I managed to get it working using s9api using java 1.6.0. It was superbly fast which was great, but I do need to get it working on 1.4.2 at the moment. To that end I tried to change my code to use the sxpath classes. This seemed like it might work, then i couldn't figure out how to get the xpath to return a nodeset, I could only get it to give me a string.
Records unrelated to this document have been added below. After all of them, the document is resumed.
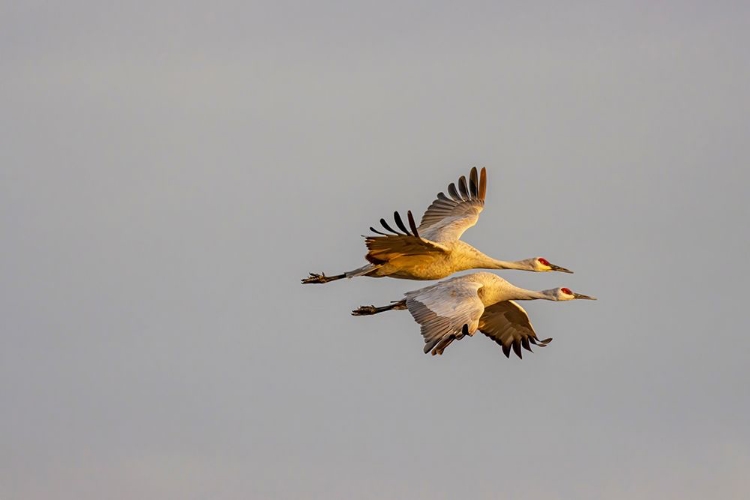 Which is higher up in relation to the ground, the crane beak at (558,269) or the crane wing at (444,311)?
the crane beak at (558,269)

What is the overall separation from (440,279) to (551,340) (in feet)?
8.24

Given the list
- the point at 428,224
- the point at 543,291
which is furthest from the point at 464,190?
the point at 543,291

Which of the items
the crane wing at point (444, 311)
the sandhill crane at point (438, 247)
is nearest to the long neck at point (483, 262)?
the sandhill crane at point (438, 247)

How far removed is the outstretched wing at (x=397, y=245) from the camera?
31359mm

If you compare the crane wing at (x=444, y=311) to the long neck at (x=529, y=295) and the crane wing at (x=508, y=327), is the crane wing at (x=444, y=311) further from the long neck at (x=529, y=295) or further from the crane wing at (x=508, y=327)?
the crane wing at (x=508, y=327)

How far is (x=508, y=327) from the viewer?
35188 mm

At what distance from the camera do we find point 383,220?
103 feet

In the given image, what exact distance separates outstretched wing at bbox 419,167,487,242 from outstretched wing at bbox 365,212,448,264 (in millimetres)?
2802

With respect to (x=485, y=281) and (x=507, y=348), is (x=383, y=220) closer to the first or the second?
(x=485, y=281)

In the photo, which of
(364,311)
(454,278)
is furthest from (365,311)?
(454,278)

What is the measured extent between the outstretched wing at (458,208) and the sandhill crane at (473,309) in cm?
200

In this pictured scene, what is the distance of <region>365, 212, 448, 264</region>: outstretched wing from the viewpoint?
31359 mm

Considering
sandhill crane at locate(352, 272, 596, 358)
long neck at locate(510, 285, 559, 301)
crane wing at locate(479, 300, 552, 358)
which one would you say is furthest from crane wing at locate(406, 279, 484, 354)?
crane wing at locate(479, 300, 552, 358)

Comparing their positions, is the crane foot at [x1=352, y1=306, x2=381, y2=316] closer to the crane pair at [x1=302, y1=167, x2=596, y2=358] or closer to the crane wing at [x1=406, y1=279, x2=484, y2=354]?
the crane pair at [x1=302, y1=167, x2=596, y2=358] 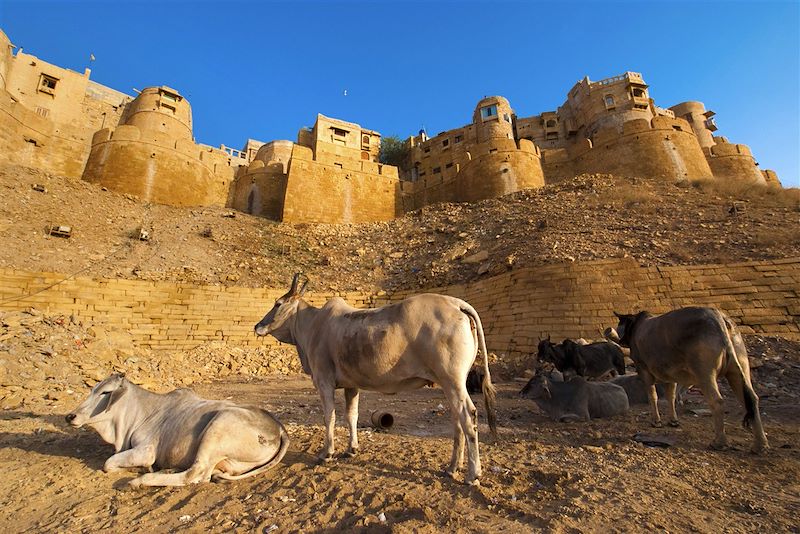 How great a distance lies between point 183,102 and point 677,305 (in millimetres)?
38845

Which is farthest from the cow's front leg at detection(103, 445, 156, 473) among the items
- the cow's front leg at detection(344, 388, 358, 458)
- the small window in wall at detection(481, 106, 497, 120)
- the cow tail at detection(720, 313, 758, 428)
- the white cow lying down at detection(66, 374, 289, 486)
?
the small window in wall at detection(481, 106, 497, 120)

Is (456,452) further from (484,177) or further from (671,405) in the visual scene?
(484,177)

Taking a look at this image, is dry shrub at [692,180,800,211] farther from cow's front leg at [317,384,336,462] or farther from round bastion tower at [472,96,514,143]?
cow's front leg at [317,384,336,462]

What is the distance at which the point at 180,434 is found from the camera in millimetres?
3539

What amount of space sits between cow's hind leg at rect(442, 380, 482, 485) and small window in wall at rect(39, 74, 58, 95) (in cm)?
4314

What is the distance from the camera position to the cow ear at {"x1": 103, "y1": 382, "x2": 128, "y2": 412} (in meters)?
3.91

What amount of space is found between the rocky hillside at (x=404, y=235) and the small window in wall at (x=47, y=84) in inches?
617

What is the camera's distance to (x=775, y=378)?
7.97 meters

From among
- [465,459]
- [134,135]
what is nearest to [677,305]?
[465,459]

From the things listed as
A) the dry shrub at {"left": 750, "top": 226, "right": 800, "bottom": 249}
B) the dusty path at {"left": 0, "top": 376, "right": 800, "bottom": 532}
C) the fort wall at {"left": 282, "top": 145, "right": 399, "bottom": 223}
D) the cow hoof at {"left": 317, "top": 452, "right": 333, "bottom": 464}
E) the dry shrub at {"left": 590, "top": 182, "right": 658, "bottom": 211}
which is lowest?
the dusty path at {"left": 0, "top": 376, "right": 800, "bottom": 532}

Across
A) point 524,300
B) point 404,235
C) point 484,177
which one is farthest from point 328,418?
point 484,177

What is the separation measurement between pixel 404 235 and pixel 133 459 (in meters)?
20.0

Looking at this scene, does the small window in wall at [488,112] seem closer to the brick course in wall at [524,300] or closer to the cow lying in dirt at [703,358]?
the brick course in wall at [524,300]

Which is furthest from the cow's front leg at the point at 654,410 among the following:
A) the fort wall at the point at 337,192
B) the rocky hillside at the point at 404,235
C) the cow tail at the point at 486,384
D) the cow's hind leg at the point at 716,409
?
the fort wall at the point at 337,192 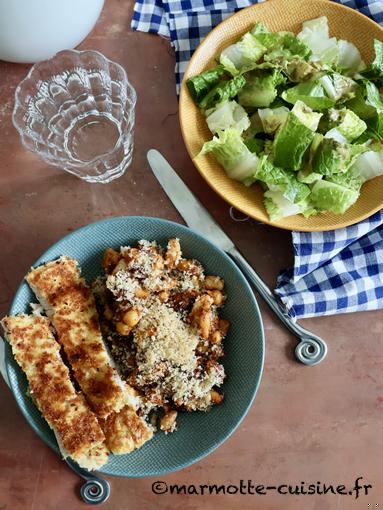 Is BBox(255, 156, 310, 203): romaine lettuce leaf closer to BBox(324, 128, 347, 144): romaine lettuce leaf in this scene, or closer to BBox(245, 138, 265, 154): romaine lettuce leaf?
BBox(245, 138, 265, 154): romaine lettuce leaf

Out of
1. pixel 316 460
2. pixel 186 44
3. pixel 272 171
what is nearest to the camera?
pixel 272 171

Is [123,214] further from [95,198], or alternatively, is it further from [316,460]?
[316,460]

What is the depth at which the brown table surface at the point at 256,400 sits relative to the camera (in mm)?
2184

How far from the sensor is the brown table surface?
2.18 m

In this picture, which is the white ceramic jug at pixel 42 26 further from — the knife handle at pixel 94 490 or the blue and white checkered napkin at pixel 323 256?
the knife handle at pixel 94 490

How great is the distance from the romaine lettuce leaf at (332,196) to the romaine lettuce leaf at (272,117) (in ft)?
0.79

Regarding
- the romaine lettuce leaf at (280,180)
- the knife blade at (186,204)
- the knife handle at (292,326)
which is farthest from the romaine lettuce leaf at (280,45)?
the knife handle at (292,326)

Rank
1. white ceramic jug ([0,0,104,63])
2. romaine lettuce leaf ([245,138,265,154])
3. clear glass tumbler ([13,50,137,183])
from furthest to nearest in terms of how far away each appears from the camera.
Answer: clear glass tumbler ([13,50,137,183])
romaine lettuce leaf ([245,138,265,154])
white ceramic jug ([0,0,104,63])

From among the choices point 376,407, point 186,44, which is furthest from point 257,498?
point 186,44

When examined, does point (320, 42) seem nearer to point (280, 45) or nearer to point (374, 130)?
point (280, 45)

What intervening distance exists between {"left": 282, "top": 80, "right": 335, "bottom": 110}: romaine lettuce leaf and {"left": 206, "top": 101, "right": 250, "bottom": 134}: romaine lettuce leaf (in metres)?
0.16

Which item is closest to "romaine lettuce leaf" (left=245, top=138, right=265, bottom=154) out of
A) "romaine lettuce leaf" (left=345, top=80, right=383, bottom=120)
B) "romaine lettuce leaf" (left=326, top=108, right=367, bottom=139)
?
"romaine lettuce leaf" (left=326, top=108, right=367, bottom=139)

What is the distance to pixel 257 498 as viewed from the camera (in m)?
2.19

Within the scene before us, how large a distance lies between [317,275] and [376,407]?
0.52 meters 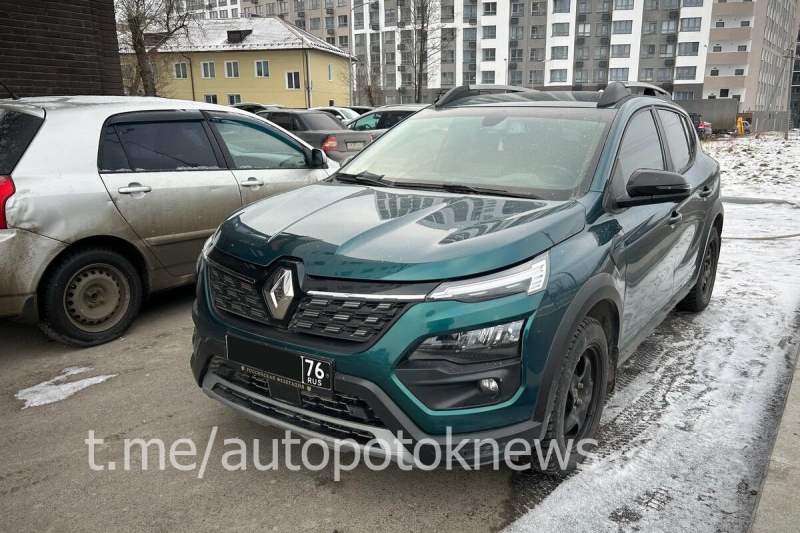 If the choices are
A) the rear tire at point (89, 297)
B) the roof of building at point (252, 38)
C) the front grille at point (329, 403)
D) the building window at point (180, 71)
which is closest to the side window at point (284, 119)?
the rear tire at point (89, 297)

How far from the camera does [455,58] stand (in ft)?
244

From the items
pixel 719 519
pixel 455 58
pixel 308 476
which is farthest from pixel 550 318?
pixel 455 58

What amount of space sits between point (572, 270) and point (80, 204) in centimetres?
321

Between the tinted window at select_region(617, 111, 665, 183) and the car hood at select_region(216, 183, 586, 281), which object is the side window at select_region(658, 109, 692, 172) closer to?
the tinted window at select_region(617, 111, 665, 183)

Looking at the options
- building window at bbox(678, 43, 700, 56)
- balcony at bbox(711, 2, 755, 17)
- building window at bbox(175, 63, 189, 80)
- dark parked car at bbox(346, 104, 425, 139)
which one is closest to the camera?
dark parked car at bbox(346, 104, 425, 139)

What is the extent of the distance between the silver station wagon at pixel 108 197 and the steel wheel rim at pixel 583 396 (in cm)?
320

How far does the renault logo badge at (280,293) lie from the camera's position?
2.37m

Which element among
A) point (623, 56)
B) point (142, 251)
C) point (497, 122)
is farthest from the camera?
point (623, 56)

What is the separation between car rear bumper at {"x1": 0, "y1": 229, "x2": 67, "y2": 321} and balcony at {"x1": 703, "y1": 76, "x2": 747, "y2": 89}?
267 ft

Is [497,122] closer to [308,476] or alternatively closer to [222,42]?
[308,476]

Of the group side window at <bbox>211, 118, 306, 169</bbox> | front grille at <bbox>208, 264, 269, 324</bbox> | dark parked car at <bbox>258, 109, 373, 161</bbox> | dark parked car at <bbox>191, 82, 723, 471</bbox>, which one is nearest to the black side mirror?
dark parked car at <bbox>191, 82, 723, 471</bbox>

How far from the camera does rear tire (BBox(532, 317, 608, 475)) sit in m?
2.44

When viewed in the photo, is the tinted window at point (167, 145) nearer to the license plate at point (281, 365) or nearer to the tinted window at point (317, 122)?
the license plate at point (281, 365)

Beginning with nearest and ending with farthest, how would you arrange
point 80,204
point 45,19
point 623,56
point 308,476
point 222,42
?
1. point 308,476
2. point 80,204
3. point 45,19
4. point 222,42
5. point 623,56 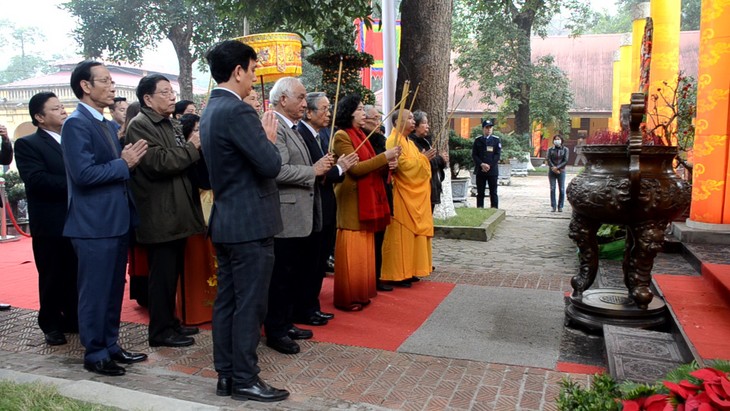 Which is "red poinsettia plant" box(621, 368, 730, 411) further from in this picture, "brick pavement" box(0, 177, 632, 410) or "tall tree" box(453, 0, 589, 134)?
"tall tree" box(453, 0, 589, 134)

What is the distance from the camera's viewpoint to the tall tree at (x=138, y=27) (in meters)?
20.3

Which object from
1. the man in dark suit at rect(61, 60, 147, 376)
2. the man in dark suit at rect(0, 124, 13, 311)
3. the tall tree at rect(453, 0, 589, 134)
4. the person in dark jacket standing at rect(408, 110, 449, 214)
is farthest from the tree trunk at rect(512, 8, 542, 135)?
the man in dark suit at rect(61, 60, 147, 376)

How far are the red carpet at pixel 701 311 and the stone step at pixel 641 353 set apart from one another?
0.35 ft

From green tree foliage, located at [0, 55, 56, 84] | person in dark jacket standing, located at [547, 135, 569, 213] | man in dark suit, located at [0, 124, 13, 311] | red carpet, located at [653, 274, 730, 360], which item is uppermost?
green tree foliage, located at [0, 55, 56, 84]

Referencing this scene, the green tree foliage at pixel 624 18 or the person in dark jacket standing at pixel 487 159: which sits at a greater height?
the green tree foliage at pixel 624 18

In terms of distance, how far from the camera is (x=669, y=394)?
191 cm

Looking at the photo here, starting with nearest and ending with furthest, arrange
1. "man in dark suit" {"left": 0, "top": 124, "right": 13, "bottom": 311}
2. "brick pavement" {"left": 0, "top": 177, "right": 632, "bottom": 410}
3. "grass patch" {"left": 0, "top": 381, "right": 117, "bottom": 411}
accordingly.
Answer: "grass patch" {"left": 0, "top": 381, "right": 117, "bottom": 411}
"brick pavement" {"left": 0, "top": 177, "right": 632, "bottom": 410}
"man in dark suit" {"left": 0, "top": 124, "right": 13, "bottom": 311}

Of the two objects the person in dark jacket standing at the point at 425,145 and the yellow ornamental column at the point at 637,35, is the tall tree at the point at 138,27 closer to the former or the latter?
the yellow ornamental column at the point at 637,35

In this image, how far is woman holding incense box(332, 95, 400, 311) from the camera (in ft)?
14.9

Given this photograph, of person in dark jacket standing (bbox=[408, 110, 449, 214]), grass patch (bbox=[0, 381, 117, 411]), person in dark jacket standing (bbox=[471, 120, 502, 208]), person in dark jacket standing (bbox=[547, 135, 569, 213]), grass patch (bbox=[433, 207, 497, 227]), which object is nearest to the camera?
grass patch (bbox=[0, 381, 117, 411])

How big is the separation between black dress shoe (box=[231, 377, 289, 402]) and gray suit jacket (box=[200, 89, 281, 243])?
0.72 m

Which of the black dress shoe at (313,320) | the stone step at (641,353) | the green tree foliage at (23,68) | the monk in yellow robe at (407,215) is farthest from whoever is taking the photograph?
the green tree foliage at (23,68)

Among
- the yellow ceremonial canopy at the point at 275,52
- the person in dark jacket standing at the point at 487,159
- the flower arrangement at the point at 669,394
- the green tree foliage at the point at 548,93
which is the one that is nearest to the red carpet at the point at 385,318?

I then tried changing back to my original code using jaxen, but trying to not load the document twice. Here's the gist of the orginal code again:
       
                        System.setProperty("javax.xml.transform.TransformerFactory",
                                                        "net.sf.saxon.TransformerFactoryImpl");
                        System.setProperty("javax.xml.parsers.DocumentBuilderFactory",
                                                "net.sf.saxon.dom.DocumentBuilderFactoryImpl");
                Source xslSource = new StreamSource(oXSLFile);
               Source xmlSource =
new StreamSource(oXMLFile);

               TransformerFactory oTransFactory = TransformerFactory.newInstance();

               Transformer oTransformer = oTransFactory.newTransformer(xslSource);

               
               Document doc = DocumentBuilderFactory.newInstance().newDocumentBuilder().parse(oXMLFile);


               for (however many times)

               {

                       org.jaxen.dom.XPath oPath =
new org.jaxen.dom.XPath(sElementPath);
                       oPath.setNamespaceContext(
new ETFTransform.TransformNamespaceResolver(oTransform.getODMNamespaceURI()));        
                       oTransformer.setParameter(VISTransform.
SELECTED_ELEMENTS, oPath.selectNodes(doc));
                       oTransformer.transform(xmlSource,
new StreamResult(new FileOutputStream(oOutput)));
               }


So I have a tree for "doc" - is this a TinyTree? If not, how do I get it to use TinyTree? I tried using doc as the input to transform() to avoid reparsing the input but it won't let me pass a Document, it needs a Source. Can I get it to use the tree I already have somehow?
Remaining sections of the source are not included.